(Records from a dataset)
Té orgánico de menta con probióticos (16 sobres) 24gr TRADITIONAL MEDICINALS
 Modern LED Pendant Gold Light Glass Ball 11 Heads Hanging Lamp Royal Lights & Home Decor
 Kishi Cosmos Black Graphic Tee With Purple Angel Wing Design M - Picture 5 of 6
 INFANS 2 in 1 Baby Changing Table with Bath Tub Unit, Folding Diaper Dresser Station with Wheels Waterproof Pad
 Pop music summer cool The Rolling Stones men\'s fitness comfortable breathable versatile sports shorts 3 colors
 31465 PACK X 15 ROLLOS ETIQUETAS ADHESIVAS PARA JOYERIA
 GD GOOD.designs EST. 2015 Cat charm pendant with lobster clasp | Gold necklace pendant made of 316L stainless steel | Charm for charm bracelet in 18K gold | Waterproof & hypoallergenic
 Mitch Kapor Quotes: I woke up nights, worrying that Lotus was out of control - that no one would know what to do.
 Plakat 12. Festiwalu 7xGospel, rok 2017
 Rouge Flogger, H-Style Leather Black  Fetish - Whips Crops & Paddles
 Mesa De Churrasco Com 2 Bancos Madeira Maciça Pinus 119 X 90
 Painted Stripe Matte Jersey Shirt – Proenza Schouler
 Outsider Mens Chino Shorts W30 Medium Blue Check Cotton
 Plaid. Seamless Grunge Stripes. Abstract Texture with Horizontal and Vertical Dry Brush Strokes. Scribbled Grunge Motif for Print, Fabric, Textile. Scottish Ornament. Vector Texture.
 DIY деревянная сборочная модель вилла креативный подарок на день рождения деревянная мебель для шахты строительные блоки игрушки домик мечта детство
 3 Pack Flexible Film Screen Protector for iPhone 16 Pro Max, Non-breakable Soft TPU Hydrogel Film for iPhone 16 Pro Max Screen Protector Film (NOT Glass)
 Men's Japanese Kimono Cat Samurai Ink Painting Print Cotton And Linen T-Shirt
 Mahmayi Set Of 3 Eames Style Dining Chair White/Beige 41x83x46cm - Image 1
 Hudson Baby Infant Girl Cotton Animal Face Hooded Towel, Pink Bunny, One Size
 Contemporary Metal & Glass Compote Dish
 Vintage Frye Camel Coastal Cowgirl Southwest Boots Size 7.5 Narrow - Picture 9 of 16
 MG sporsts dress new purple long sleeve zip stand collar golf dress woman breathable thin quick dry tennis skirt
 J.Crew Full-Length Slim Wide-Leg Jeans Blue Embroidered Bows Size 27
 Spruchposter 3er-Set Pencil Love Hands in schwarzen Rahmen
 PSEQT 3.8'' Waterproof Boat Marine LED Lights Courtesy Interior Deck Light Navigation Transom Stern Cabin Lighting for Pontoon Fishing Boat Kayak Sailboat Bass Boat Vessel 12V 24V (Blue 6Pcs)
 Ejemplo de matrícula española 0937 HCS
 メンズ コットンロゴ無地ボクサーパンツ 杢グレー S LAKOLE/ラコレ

[Your goal] Retype only the stretch of lines above starting at the one with "DIY деревянная сборочная" and stopping at the one with "Hudson Baby Infant", exactly as written, with both kept.

[The answer]
 DIY деревянная сборочная модель вилла креативный подарок на день рождения деревянная мебель для шахты строительные блоки игрушки домик мечта детство
 3 Pack Flexible Film Screen Protector for iPhone 16 Pro Max, Non-breakable Soft TPU Hydrogel Film for iPhone 16 Pro Max Screen Protector Film (NOT Glass)
 Men's Japanese Kimono Cat Samurai Ink Painting Print Cotton And Linen T-Shirt
 Mahmayi Set Of 3 Eames Style Dining Chair White/Beige 41x83x46cm - Image 1
 Hudson Baby Infant Girl Cotton Animal Face Hooded Towel, Pink Bunny, One Size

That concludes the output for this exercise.